When Labour took office in 2017, Core Crown tax revenue was 27.5% of GDP. It is forecast to hit 29.1% of GDP in 2024 and 30% by 2028.
These are also numbers to keep in mind when assessing the case for tax cuts, or at least the case for inflation-indexing the tax thresholds. The National-led government could deliver a spending programme comparable to the Wellbeing Budget’s promise in 2019, as a fraction of GDP, while still cutting taxes from where they are now.
But if Luxon today announced a 2024 budget identical to Ardern’s 2019 budget, relative to the size of the economy, he would be criticised for austerity – even though Ardern’s budget was hardly austere.
Covid did not just increase government spending to deal with the pandemic. It also seems to have ratcheted in a very substantial increase in the overall size of government. In December, Treasury forecasted government spending, as a fraction of overall economic activity, to be more than two and a half percentage points above Labour’s longer-term promise in 2019.
Getting government spending back down to the longer-term proportions of GDP that Prime Minister Ardern’s wellbeing agenda had promised in 2019 hardly seems radical or austere. It would simply be a getting-back-to-normal after a crisis.
Getting core government spending down from Ardern’s promised 28.8% of GDP to the 27.7% of GDP that Bill English’s National-led government bequeathed to the incoming Labour government would not be radical either. It would be the normal partisan shifts in the relative size of government that come with changes in government.
Keeping these things straight matters.
When Covid intervened, the Labour-led government achieved remarkable cross-party agreement on substantial government assistance to see us through. The wage subsidy scheme provided support in preventing layoffs during lockdown, helping to enable a faster re-start from May 2020 onward. But a speedy programme was not going to be a cheap one. And vaccines needed to be purchased along with treatments.
Bipartisan agreement on emergency spending funded by emergency debt was straightforward. Everyone expected that it was a crisis response that would be scaled back after the crisis.
But decades ago, economist Robert Higgs warned that post-crisis retrenchments may be wishful thinking.
Professor Higgs looked at American government spending over the Twentieth Century and found a worrying pattern. Every crisis brought a sharp increase in government spending to deal with the crisis. But, after the crisis, spending would only partially retrench before expanding even further during the next crisis.

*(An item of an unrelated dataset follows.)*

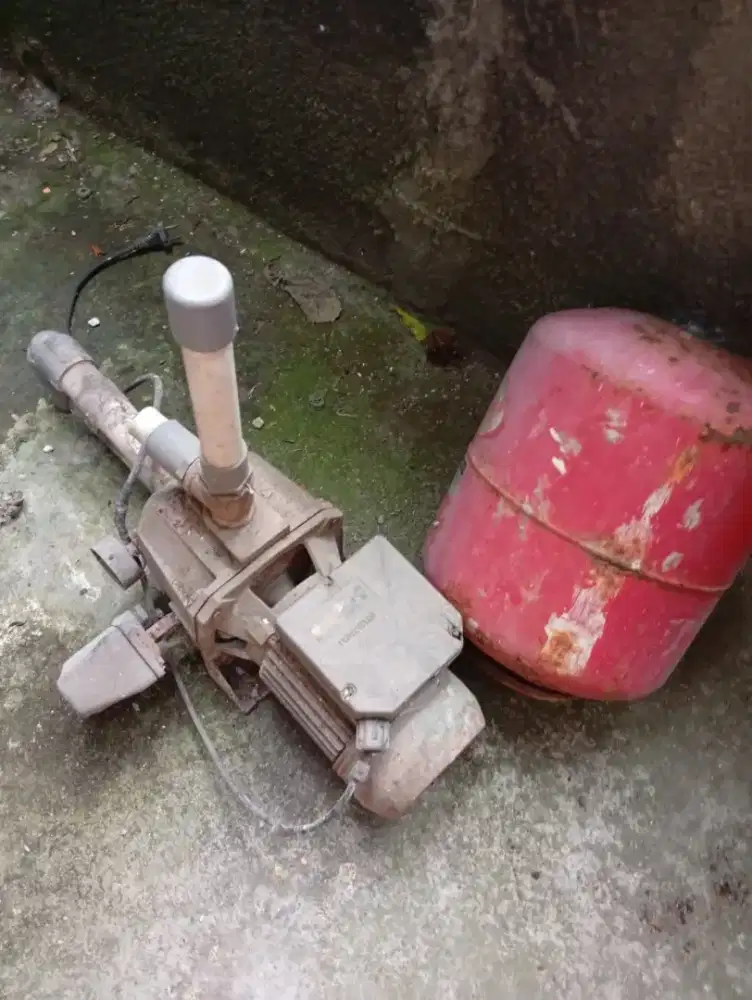 Pompa air bekas tidak terpakai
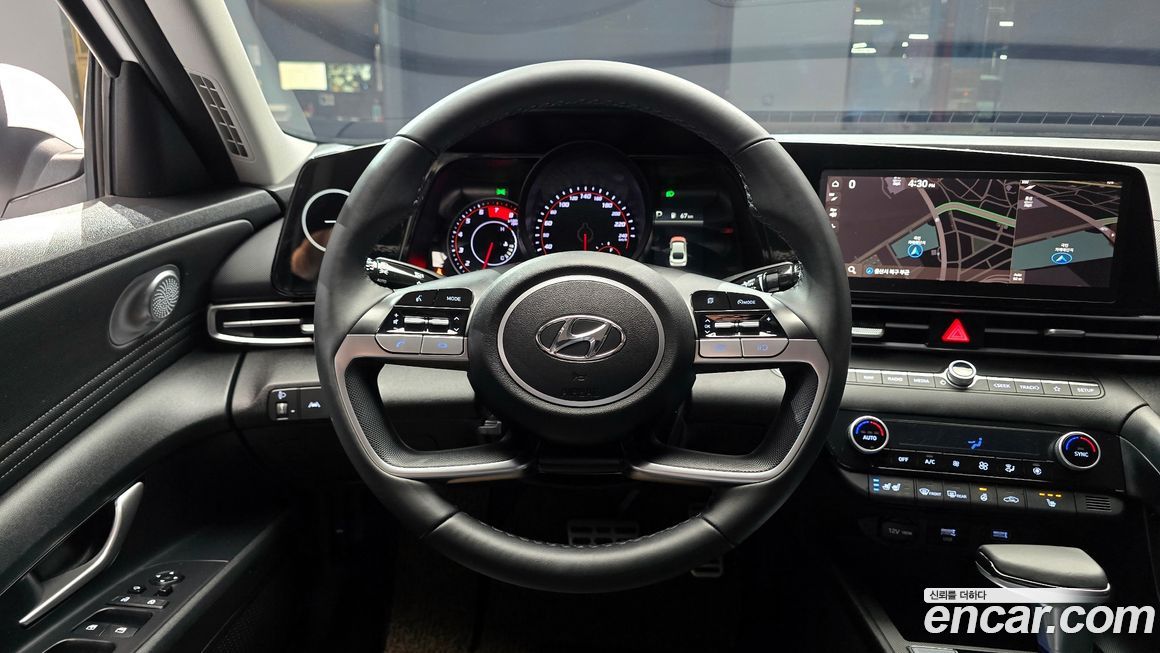 Hyundai AVANTE 2021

And so, a one-way ratchet effect meant a continued increase in the size of government. A lot of ground can be covered over decades of two steps forward and one step back.
If fiscal conservatives expect it to be impossible to unwind emergency spending and that New Zealand sits in Robert Higgs’s world, agreement on spending necessary during crises will become a lot more difficult.
Getting post-Covid spending back to what Prime Minister Ardern had promised in the first Wellbeing Budget is hardly austerity. It should be the least that fiscal conservatives should expect.
Dr Eric Crampton is Chief Economist at the New Zealand Initiative. This article was first published HERE
1 comment:
Why do you only consider Core Crown government expenditures (33% of GDP)?
Total government spending in NZ is actually 41% of GDP. This is the figure you should be using.
Your post materially understates the issue.